Der Berliner Wirtschaftssenator und das Brandenburger Wirtschaftsministerium starten gemeinsam mit "Apps 4 Berlin" einen ersten Apps-Wettbewerb in Deutschland. Entwickler können Ideen oder auch fertige Anwendungen sowie Prototypen für Mobil- und Webanwendungen bis zum 30. November einreichen. Es winken Preisgelder bis zu 1.000 Euro sowie Sachpreise wie ein WeTab oder iPad. Die Jury unterscheidet hierbei nach Schüler- und Studentengruppen, Unternehmen und Institutionen, Vereinen und Netzwerken. Es wird einen Publikumspreis für die beste Berlin-App geben, einen e-Democracy-Award sowie Sonderpreise für die Bereiche Bildung und Unternehmen. Die Teilnehmer müssen außerdem ihren Wohnsitz oder ihre Betriebsstätte in Berlin oder Brandburg haben.

Die Ideen müssen neu sein und sich thematisch, zeitlich und finanziell abgrenzen lassen. Thematisch sollen sich die mobilen Anwendungen laut Ausschreibung auf die Hauptstadt beziehen. Die Apps sollen die "demokratische Teilhabe der Bürger eröffnen" oder Informationen über Stadt und Land aufbereiten und die Orientierung unterstützen. Die Bandbreite der möglichen Anwendung ist sehr breit, da sie sich auch auf die Bereiche Kultur und Bildung, Unterhaltung, Gesundheit und Geschichte sowie auf Produkte, Dienstleistungen oder Unternehmen beziehen können.
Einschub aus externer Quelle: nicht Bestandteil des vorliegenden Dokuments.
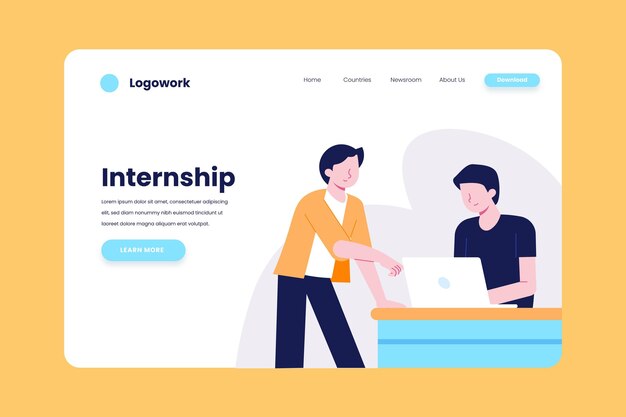 Internship job landing page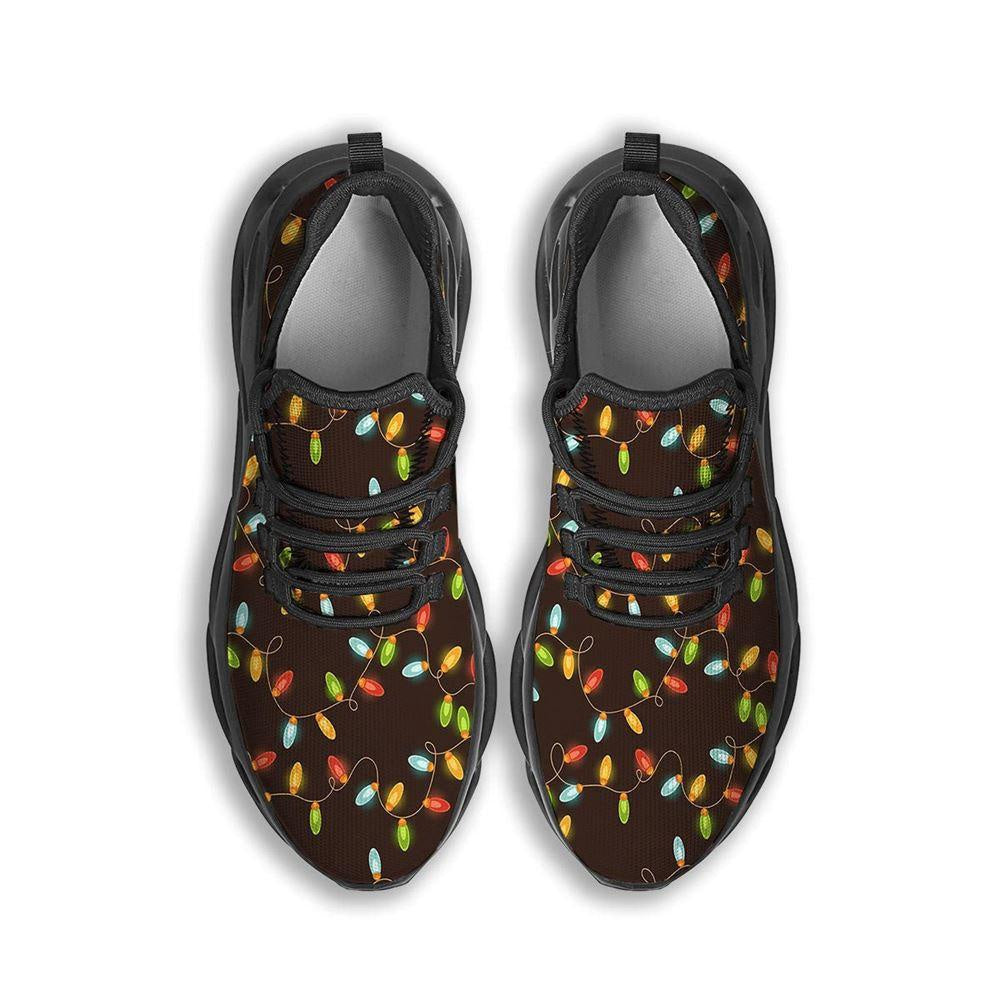 Christmas Lights Print Pattern Black Max Soul Shoes, Christmas Sneakers, Christmas Shoes, Christmas Clunky Sneaker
Jury-Mitglied Anke Domscheit-Berg glaubt, dass entsprechend der formellen Anforderungen weniger Bürger und Hacker angesprochen werden denn Unternehmen. So sollen nämlich auch Wettbewerbsstrukturen analysiert und Verbreitungskonzepte vorgelegt werden. Domscheit-Berg ist Mitarbeiterin von Microsoft und seit etwa einem Jahr im Government-2.0-Netzwerk engagiert. Sie zeigt für die Ausrichtung des Wettbewerbs denn auch Verständnis: "Die Senatsverwaltung will Wirtschaft fördern."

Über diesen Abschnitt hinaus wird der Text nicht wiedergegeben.